Thursday, 20 May 2010

Wynne Godley, oboe, St Michael, and the Cambridge Growth Project catalogue

We were sad to learn of the death of Wynne Godley, Professor of Applied Economics and former director of the Dept of Applied Economics (DAE) who died last week at the age of 83. Described as "the most insightful macroeconomic forecaster of his generation", Wynne Godley continued to use the Marshall Library after his retirement in 1993, and was often in touch, especially when working on his book Monetary economics: an integrated approach to credit, money, income, production and wealth / Wynne Godley and Marc Lavoie published by Palgrave in 2007. After reading PPE at Oxford, Wynne Godley studied the oboe at the Paris Conservatoire and began his professional career as principal oboe with the Welsh Symphony orchestra before returning to economics. He subsequently worked at the Treasury and National Institute of Economic and Social Research before taking up the post at the DAE. He continued to play the oboe, sometimes practising in his faculty room before university concerts. He became well known for his opposition to economic policies of the Thatcherites, he once dismissed their policies as "a gigantic con trick", and was described as "Cassandra of the Fens" for his predictions, which came true, regarding the rise of unemployment in the 80s. He was married to Kitty Epstein, former wife of Lucien Freud and daughter of the sculptor Sir Jacob Epstein, and when Epstein was commissioned to produce a statue of St Michael for Coventry Cathedral, St Michael's Victory over the Devil (1958), he modelled it on Wynne Godley.

Cambridge Growth Project
Professor Wynne Godley's predecessor, Nobel Prize winner (1984) Professor Sir Richard Stone, was the initial leading force behind "The Cambridge Growth Project". Set up in 1960, and later directed by Dr Terry Barker, this large econometric research project developed a model of the British economy. It was used to forecast economic growth of the British economy in the 1970's and was later used for regional and environmental modelling and forecasting. Its archive, comprising 56 archive boxes, is housed at the Marshall Library , and we recently scanned the "growth project" catalogue making it available on the web through the Marshall Library web site.

Tuesday, 11 May 2010

Easter term projects

There's a different dynamic in the Easter term as students prepare for exams. Still busy, around 50 students in the Library, it's quieter, they're concentrating on revising. Some have packs of coloured pens in front of them and they're drawing mind maps, multi-coloured diagrams, to help them remember concepts. There's less activity at the Library Counter. Only 120 books borrowed yesterday but 366 renewed.

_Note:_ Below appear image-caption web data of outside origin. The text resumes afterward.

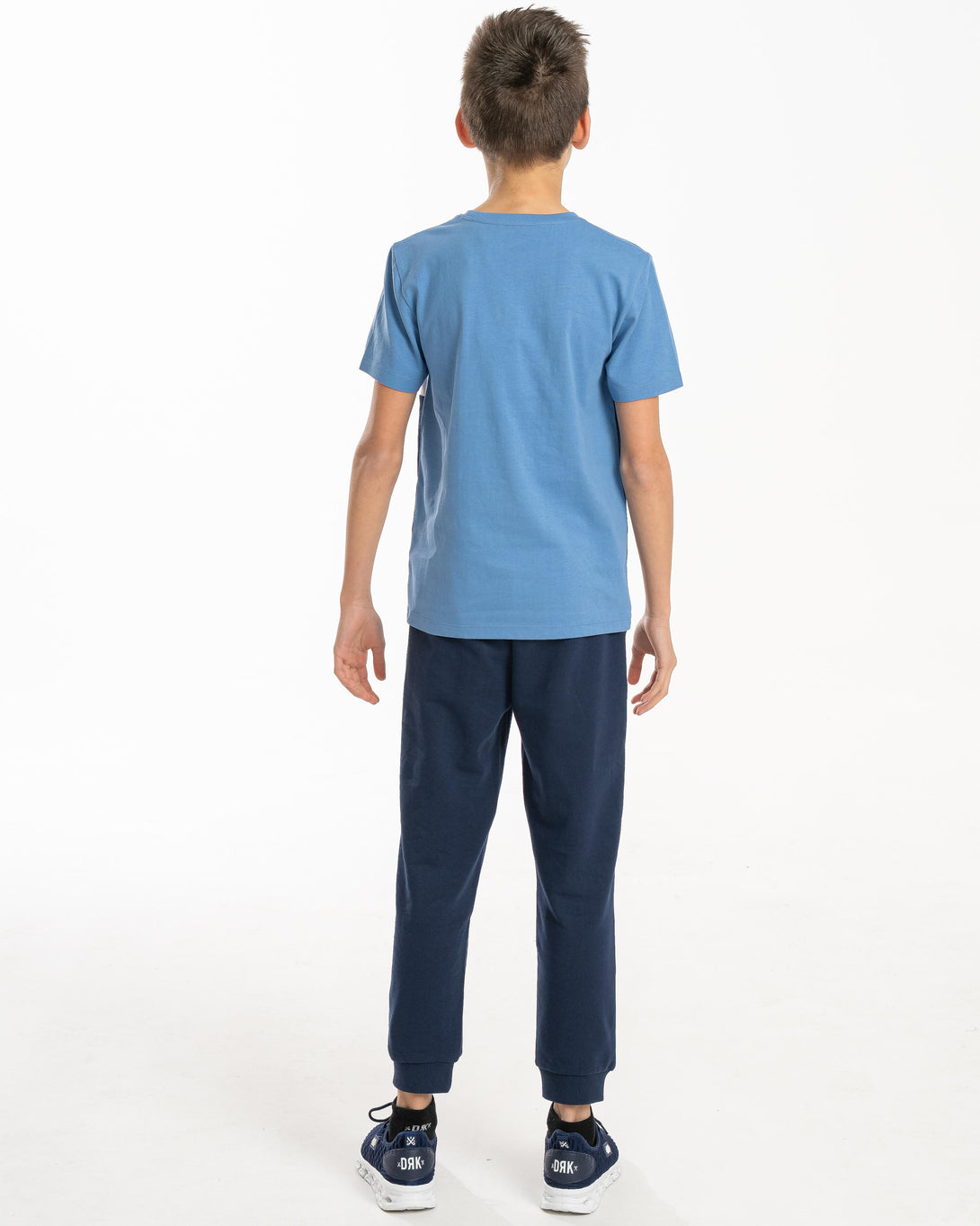 Dorko SPORTY T-SHIRT BOY Póló - Sportmania.hu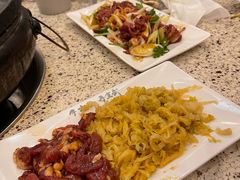 -厚味居炙子烤肉·清真(天桥南纬路店)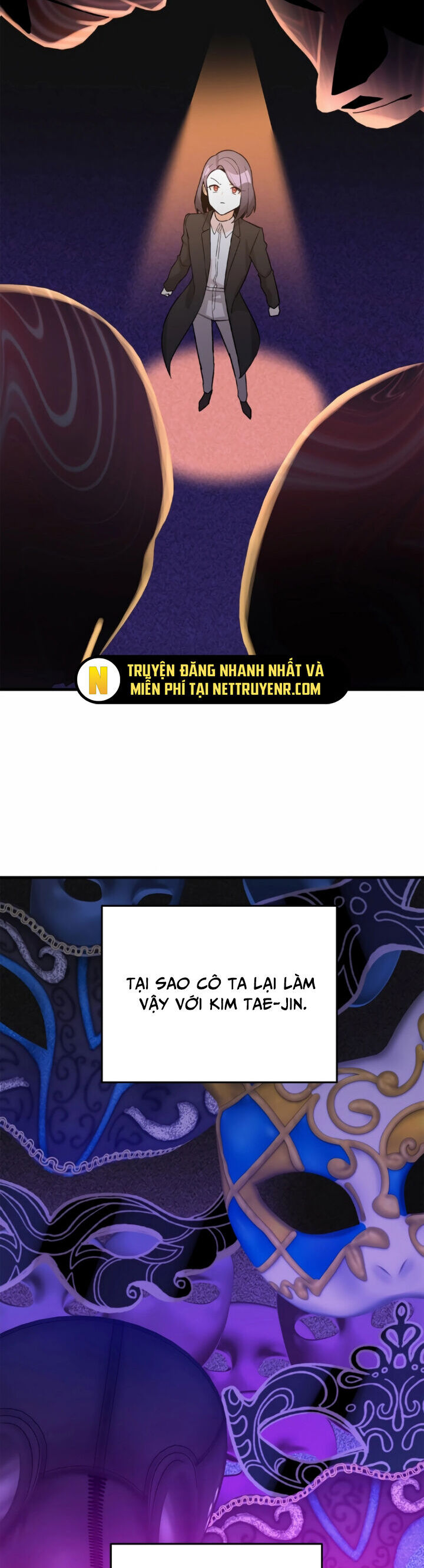 Biên Kịch Gian Lận Chương 62 Ảnh 15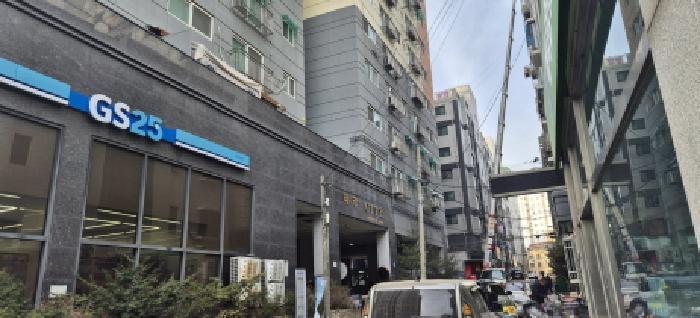 인천 부평구 부평동 오피스텔 경매 물건 사진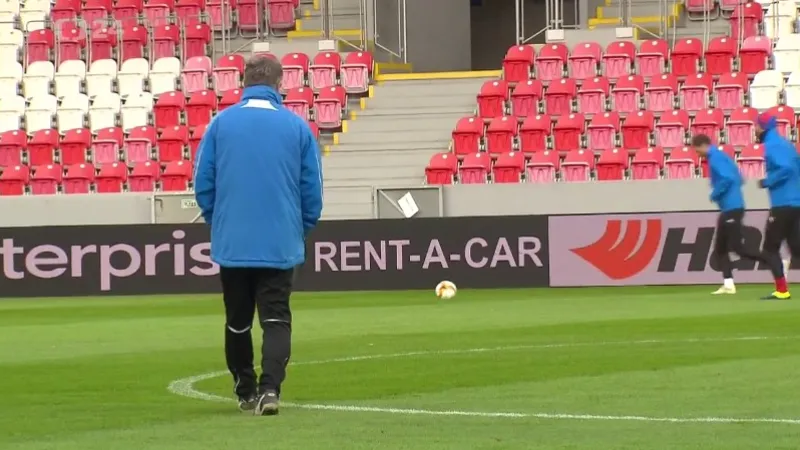 Plzeň narazí ve valentýnském duelu na Dinamo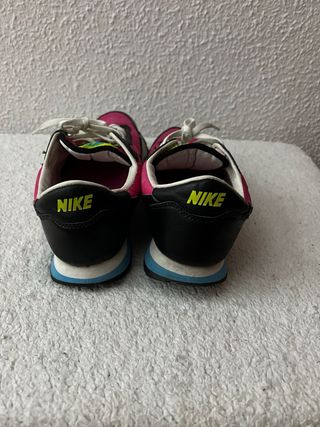 Zapatillas Nike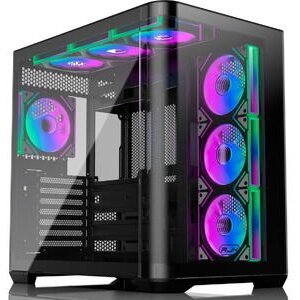 Oferte la Carcasa Atreus BT7 MiddleTower E-ATX Negru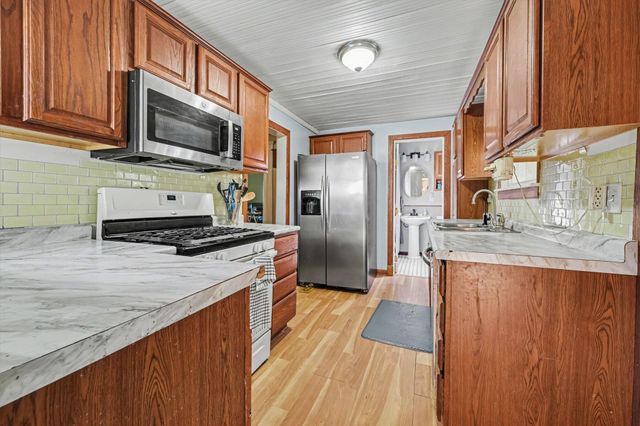231 N Fremont Street, Lowell, IN 46356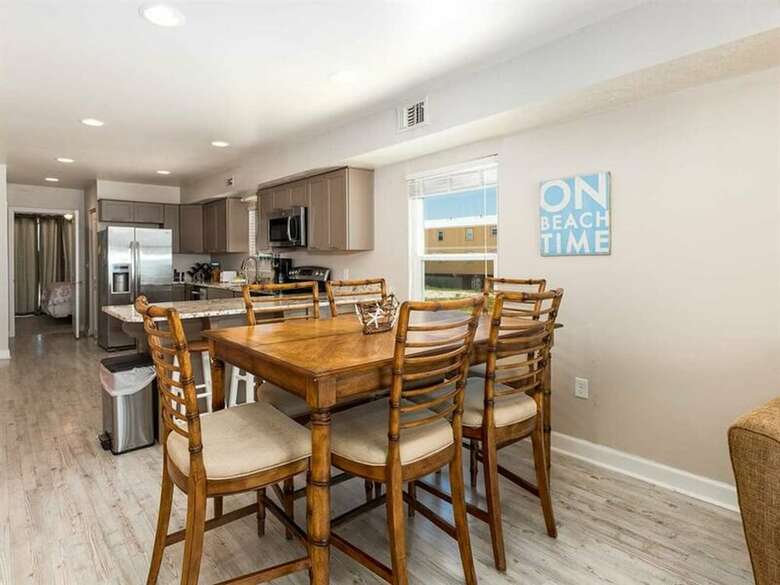 The Breeze By Meyer Vacation Rentals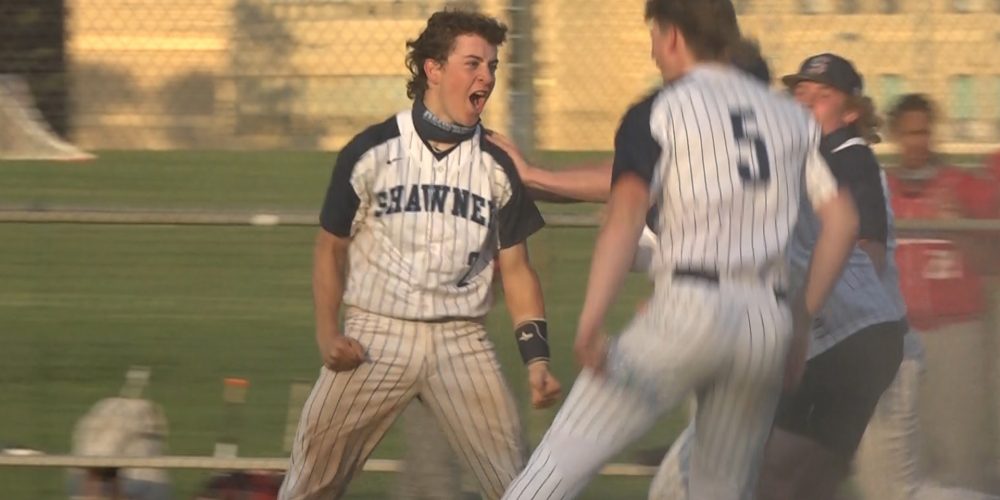 Shawnee Walks It Off Against Rancocas Valley in Extra Innings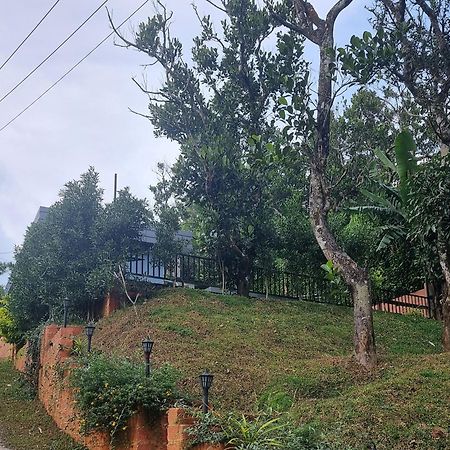 Peakaavu Cottages Idukki Exterior photo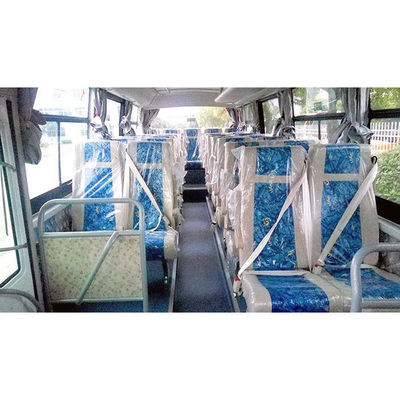 2020 - Bus di passeggeri cinesi di lusso minibus per Sal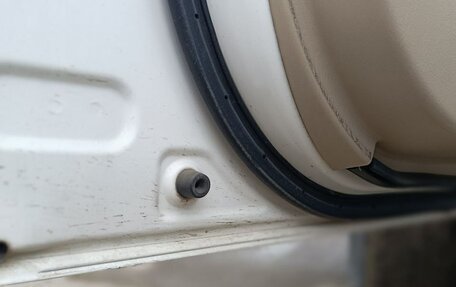 Toyota Fortuner I, 2005 год, 1 700 000 рублей, 9 фотография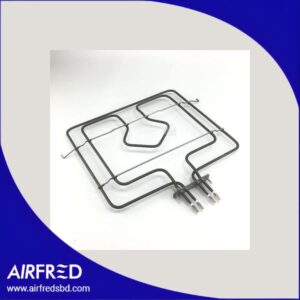 Repuesto original GORENJE Tubo Heater ZI NG3 - GOR709465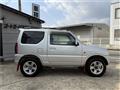 2009 Suzuki Jimny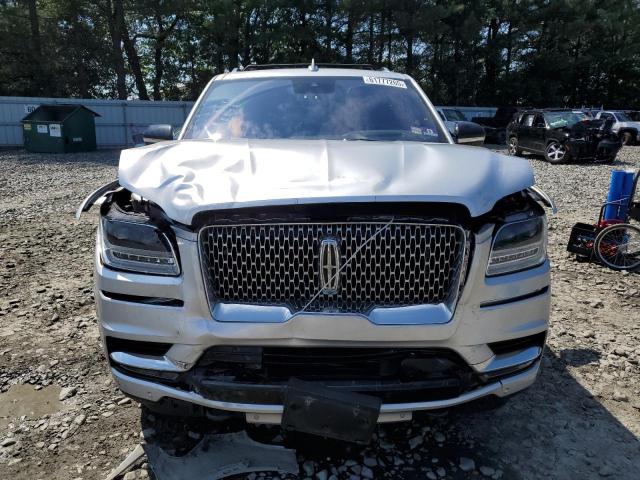 2019 LINCOLN NAVIGATOR - 5LMJJ2LT2KEL17957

It allows us to get on with other projects. One of these is checking through the stock in the basement, checking whether the books have records, whether we have duplicate copies, checking borrowing figures since 1992, and whether they're available elsewhere. A huge job, we've split it into two projects. The first, checking the shelflist, we've checked almost 50 bays (200+ books a bay) with another 25 bays to go. The second, checking issue figures, availability elsewhere etc. The third phase of this will be to list all those titles which aren't used, are available elsewhere and which we can withdraw from stock. Lots! After going through the usual procedure of course. Thinking of using Zotero for this but would welcome alternatives.

Link to Statistical software manuals
We recently put a page on our website listing all the statistical software manuals in the Marshall's collection with clickable links to their catalogue records, to online support sites and and to other resources.

Lots more ideas and projects in the pipeline for this term and we can really get stuck in over the summer vacation.